# REFUTE

_Official repository for the paper "Can Language Models Falsify? Evaluating Algorithmic Reasoning with Counterexample
Creation"._

REFUTE evaluates whether language models can reason about when code might fail.
Specifically, given a problem statement and an incorrect code, the task is to find a valid input on which the code fails
to produce the desired output.

This repository provides the evaluation environment along with simplified code from our paper to query models for
solutions.

## Installation

### Setting up the package

```bash
cd REFUTE
pip install -e .
```

### Environment Variables

If you plan to query models, you need to set the following environment variables:

- `OPENROUTER_KEY`: Required for using OpenRouter models.
- `GOOGLE_API_KEY`: Required for using Gemini models.

## Evaluation

To evaluate your attempts, prepare a JSON file in the following format:

```json
[
  {
    "problem_id": "1975F",
    "method": "standard",
    "attempts": [
      {
        "generate_inp": {
          "code": "print(1)\nprint(\"0\")",
          "lang": "Python 3"
        }
      }
    ]
  }
]
```

The method can be either `standard`, `randsearch`, or `randsearch_oracle`. You probably only care about `standard`,
but feel free to refer to our paper for details about the other methods.
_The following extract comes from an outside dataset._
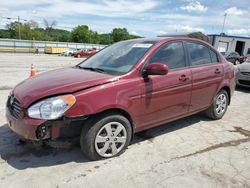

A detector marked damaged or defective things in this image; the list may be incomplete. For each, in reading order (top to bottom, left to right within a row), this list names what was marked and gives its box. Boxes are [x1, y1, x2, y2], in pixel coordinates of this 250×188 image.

crumpled hood [14, 67, 117, 107]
Each problem can have multiple attempts, where
each `generate_inp` block contains a program that prints a counterexample to break the incorrect code.

For `randsearch` and `randsearch_oracle`, the outputs of `generate_inp` should (ideally) be randomised. `randsearch`
additionally requires a `solve_brute` field with a correct implementation in the same format as generate_inp. The lang
field should specify a valid Python or C++ version.

Evaluation results are stored in a JSON file with the following structure:

```json
[
  {
    "problem_id": "1975F",
    "verdicts": [
      {
        "success": true,
        "info": ""
      }
    ]
  }
]

```

Each attempt receives a verdict, where `success` is a boolean, and `info` may contain feedback like validation failure
or timeout. For example, to compute _pass@k_, pass _k_ attempts per problem and check if any succeed.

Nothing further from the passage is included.